On the use of selective Z-pinning in stiffened composite panels to prevent skin/stringer debonding

Carbon fiber reinforced plastic (CFRP) composites have been widely used in engineering. This paper investigates the effect of composite z-pin (polyimide fiber/epoxy resin) on flexural properties of skin/stringer composite structure with different z-pin densities and diameters. Compared with unpinned specimens, the peak loading and energy absorption of z-pinned specimens are increased by 98% and 9 times, respectively. Parameterized research indicates that the optimal z-pin density is 1.35%. And thin z-pins are beneficial to improve the peak loading and energy absorption, which attributes to more total contact area of z-pins. The statistical results present that z-pin pre-hole inserted (ZPI) process can significantly reduce initial damages of z-pinned specimens compared with Ultrasonically Assisted Z-fiber (UAZ) process.
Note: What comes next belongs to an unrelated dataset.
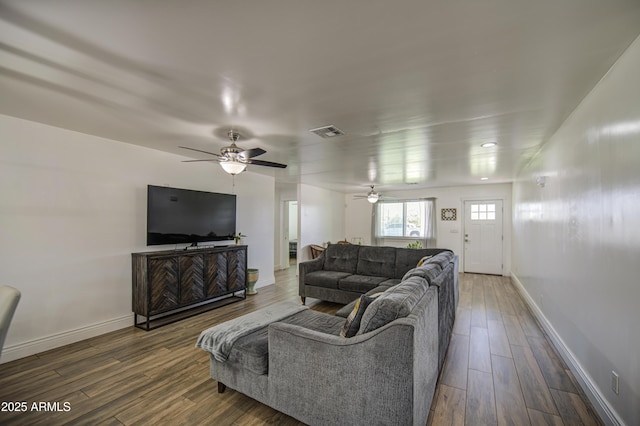 living room featuring a ceiling fan, wood finished floors, baseboards, and visible vents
Specifically, the z-pin inclination angle is decreased by 60%, and the initial damages in eye-like zone are prominently reduced. The z-pin makes the specimen exhibit the quasi-brittle behavior under flexural loading by playing a bridging role, which makes the flexural properties of specimens prominently increased. In addition, the "snubbing effect" will enhance the bridging effect of z-pins, but it will lead to inter-fibers debonding, splitting, and shear failure of z-pins.